L’AFC/M23 annonce un programme d’échange de prisonniers avec le gouvernement de Kinshasa, basé sur les accords de la Suisse
Le porte-parole adjoint en charge des affaires politiques de la coalition AFC/M23, le Dr Balinda, a déclaré que cette alliance est prête à libérer d’autres détenus capturés du côté du gouvernement de la République démocratique du Congo (RDC), à condition que ce dernier accepte également de libérer les membres de l’AFC/M23 qu’il détient.
Le Dr Balinda a souligné que cette démarche s’inscrit dans les progrès réalisés lors des récentes discussions tenues en Suisse, au cours desquelles les parties ont été encouragées à privilégier la voie du dialogue, notamment sur la question des prisonniers détenus par les deux camps, considérée comme l’un des principaux obstacles à la paix dans l’est de la RDC.
Selon les informations communiquées, ce programme d’échange de prisonniers devrait être mis en œuvre au plus tard le 28/04/2026, sous réserve du respect des engagements pris par les deux parties.
La question de l’échange de prisonniers n’est pas nouvelle dans les processus de paix en cours dans l’est du Congo. À plusieurs reprises, cette problématique a été identifiée comme l’un des points les plus sensibles et difficiles à résoudre, en particulier durant les affrontements entre le gouvernement de Kinshasa et la coalition Alliance Fleuve Congo (AFC/M23).
Lors des précédents pourparlers, notamment à Nairobi au Kenya et à Luanda en Angola, des mesures dites de confiance avaient été proposées, parmi lesquelles :
- l’échange de prisonniers ;
- la cessation temporaire des hostilités ;
- la prise en charge des réfugiés et des civils affectés par le conflit.
La coalition Alliance Fleuve Congo (AFC/M23) trouve son origine dans le mouvement M23, apparu dans l’est de la RDC après 2012, à la suite d’accusations selon lesquelles le gouvernement congolais n’avait pas respecté les accords conclus avec d’anciens membres du CNDP intégrés dans l’armée nationale.

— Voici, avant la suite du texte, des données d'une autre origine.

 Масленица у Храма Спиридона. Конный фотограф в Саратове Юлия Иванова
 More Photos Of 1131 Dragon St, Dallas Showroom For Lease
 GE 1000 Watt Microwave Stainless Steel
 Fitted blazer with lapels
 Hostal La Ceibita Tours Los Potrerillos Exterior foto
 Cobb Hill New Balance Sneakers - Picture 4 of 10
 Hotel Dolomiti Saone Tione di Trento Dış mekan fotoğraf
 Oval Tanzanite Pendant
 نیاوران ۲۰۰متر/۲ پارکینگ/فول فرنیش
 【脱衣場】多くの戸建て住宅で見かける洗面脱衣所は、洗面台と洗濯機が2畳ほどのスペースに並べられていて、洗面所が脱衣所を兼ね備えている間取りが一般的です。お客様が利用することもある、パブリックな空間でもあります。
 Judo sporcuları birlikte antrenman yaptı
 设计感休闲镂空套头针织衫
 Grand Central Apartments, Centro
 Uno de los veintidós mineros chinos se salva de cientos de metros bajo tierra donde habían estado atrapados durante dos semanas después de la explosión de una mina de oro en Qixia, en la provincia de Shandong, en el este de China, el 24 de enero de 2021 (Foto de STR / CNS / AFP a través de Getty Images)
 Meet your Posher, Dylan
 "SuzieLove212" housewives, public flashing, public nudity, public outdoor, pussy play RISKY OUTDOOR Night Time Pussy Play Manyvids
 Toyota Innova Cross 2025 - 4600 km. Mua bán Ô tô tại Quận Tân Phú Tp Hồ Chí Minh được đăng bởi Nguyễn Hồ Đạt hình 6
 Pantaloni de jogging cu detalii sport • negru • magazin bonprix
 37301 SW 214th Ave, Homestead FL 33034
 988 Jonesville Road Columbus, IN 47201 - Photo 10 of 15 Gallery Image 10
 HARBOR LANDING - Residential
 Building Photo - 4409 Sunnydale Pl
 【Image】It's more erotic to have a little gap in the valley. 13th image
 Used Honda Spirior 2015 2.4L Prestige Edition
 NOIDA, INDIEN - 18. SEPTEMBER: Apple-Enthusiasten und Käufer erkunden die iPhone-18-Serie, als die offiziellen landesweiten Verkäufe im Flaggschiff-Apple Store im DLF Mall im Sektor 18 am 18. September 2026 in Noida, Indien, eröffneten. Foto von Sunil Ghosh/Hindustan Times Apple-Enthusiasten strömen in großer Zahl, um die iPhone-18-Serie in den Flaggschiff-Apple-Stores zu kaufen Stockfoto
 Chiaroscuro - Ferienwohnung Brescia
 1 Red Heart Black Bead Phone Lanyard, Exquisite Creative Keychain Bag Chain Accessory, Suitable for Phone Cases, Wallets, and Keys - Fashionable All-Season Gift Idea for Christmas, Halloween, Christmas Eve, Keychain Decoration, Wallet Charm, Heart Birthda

Après plusieurs années d’inactivité relative, ce mouvement a repris les armes en 2021, accusant le gouvernement de la RDC de ne pas répondre aux problèmes sécuritaires et aux discriminations ethniques dans l’est du pays.
En 2023 et 2024, l’AFC/M23 a connu une restructuration, adoptant progressivement une orientation plus politique, bien que le gouvernement de Kinshasa continue de le considérer comme un mouvement illégal.
Malgré l’annonce de ce programme d’échange de prisonniers, de nombreux défis persistent, laissant penser que le processus de paix reste long et complexe, notamment :
- le manque de confiance entre les parties ;
- la persistance de combats dans certaines zones de l’est de la RDC ;
- l’absence de mécanismes clairs pour la mise en œuvre des accords.
Cependant, certains observateurs estiment que, si ce programme est effectivement appliqué, il pourrait constituer une avancée, certes modeste mais significative, vers la réduction des tensions et le renforcement de la confiance entre les parties en conflit.
La déclaration du Dr Balinda confirme qu’une volonté de privilégier la voie du dialogue et de la négociation demeure présente pour résoudre les conflits persistants dans l’est de la RDC. Toutefois, la mise en œuvre effective de ces engagements sera déterminante pour savoir si les deux parties sont réellement prêtes à transformer les promesses en actions concrètes.